2) S’opposer à cette offensive ne relève pas de l’alternative : retrait immédiat de la réforme ... ou rien. S’opposer à l’offensive Blanquer contre l’école, suppose par exemple de s’opposer à toute tentative et toute proposition d’inscrire au coeur de l’école les principes, les intentions et les procédures de « l’école à la maison ». Si chaque professeur reste évidemment libre de recourir aux outils numériques, quand il le juge utile à son travail et celui des élèves, en cours et en classe, on peut imaginer que l’usage des « espaces numériques » de toutes sortes, dans lesquels l’administration tend à, littéralement, enterrer l’école, et qui sont le plus souvent consacrés à d’abrutissantes fonctions de contrôle, soit rigoureusement réduit à ce qui est réglementairement exigé, quitte d’ailleurs à examiner la légitimité pédagogique, sociale, juridique et éthique de ce qui est ainsi exigé.

3) On comprend à quel point la choix revendiqué, déclaré, de ne pas appliquer les principes qui animent indissociablement le recours mensonger à « l’école à la maison » et la « réforme » Blanquer du lycée et du Baccalauréat est un mode de résistance non seulement possible, mais puissant.

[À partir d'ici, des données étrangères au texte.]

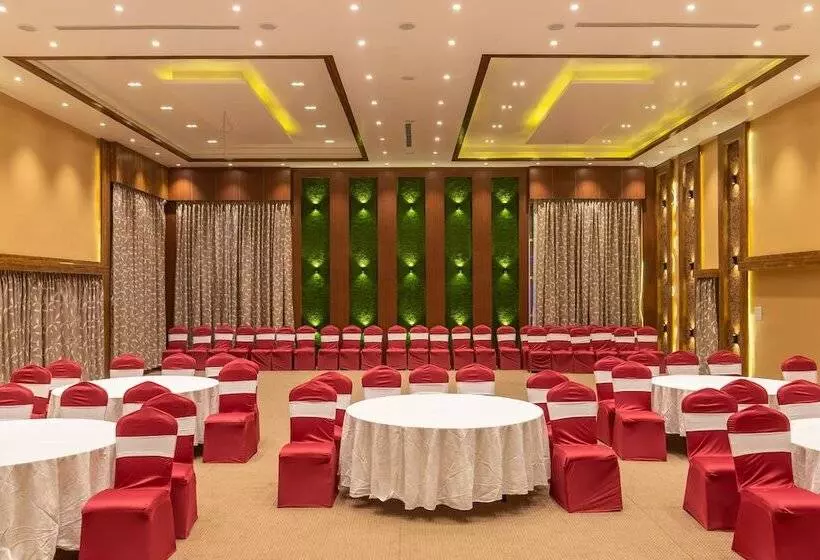 هتل Classic Plaza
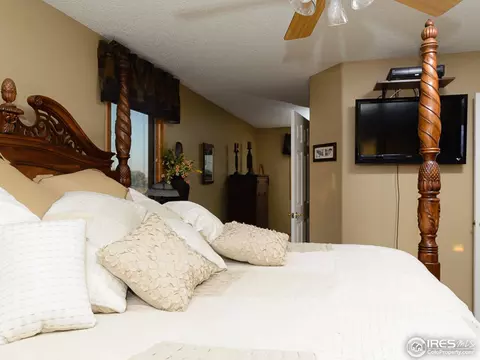 9362 Apache Rd, Longmont, CO 80504 photo 9
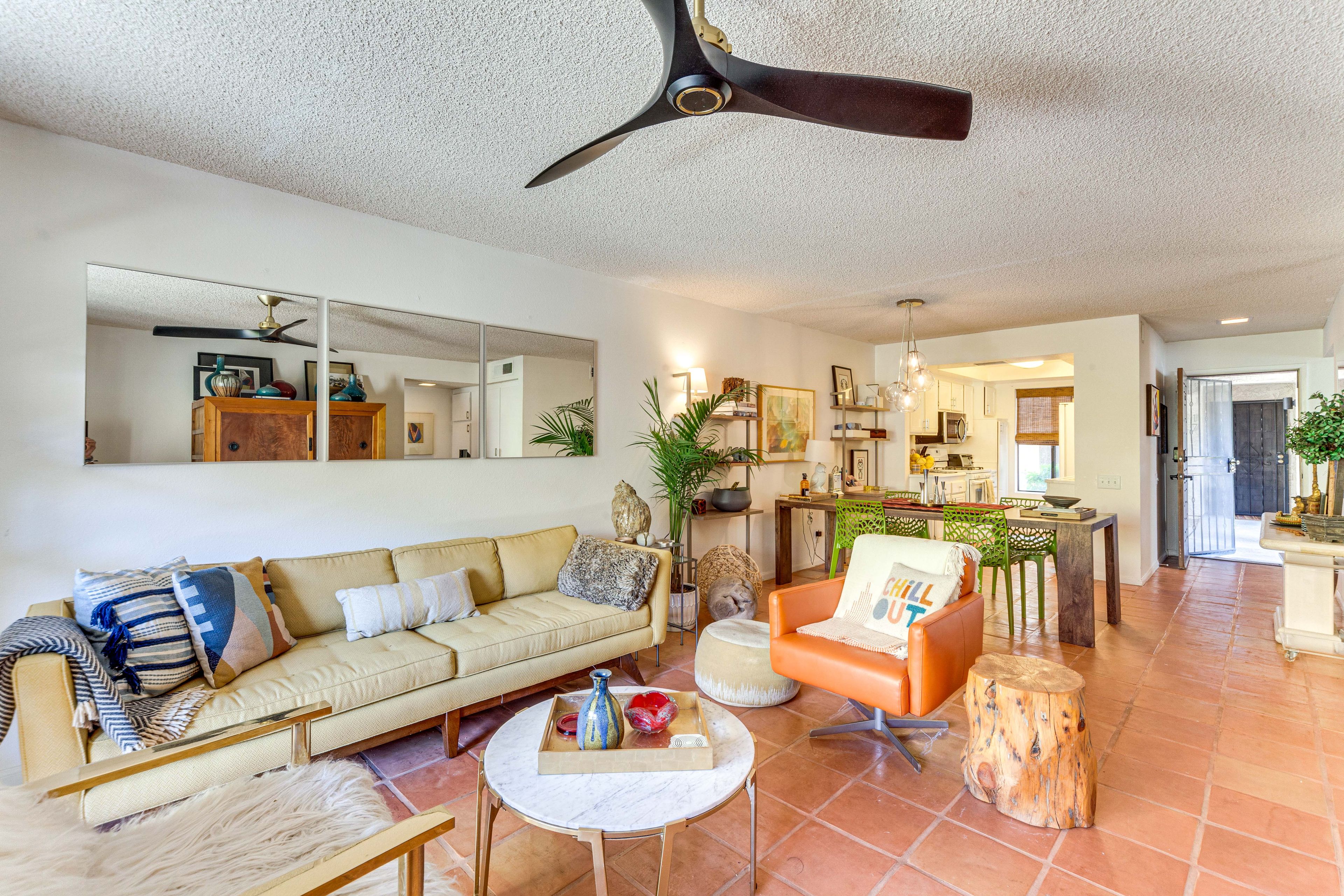 Living Room | Central A/C & Heat | Free WiFi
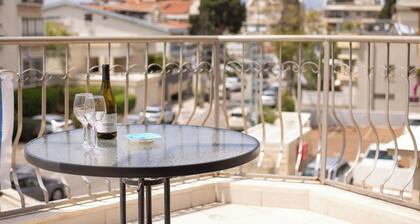 Homey Kiryat Haim Apt by Sea N Rent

Comme j’ai déjà eu plusieurs fois l’occasion de le dire, cela consiste d’abord à choisir de « faire cours », résolument, quoi qu’il arrive, au sens où j’en parle ici, et à débattre explicitement et publiquement entre professeurs avec les élèves et leurs familles de ce que cela signifie. Il ne s’agit aujourd’hui évidemment pas d’abandonner les élèves dans la situation catastrophique actuelle de la pandémie et du confinement, mais d’indiquer, honnêtement, toutes les fois que possible et par tous les moyens possibles qu’il n’y a cependant actuellement malheureusement pas de cours et que, dès que la situation le permettra, le professeur pourra à nouveau proposer à ses élèves de partager son propre engagement dans cette expérience absolument singulière que l’on appelle le cours et la classe. Quitte à consacrer du temps à s’entendre sur ce que ces termes désignent d’effectivement essentiel.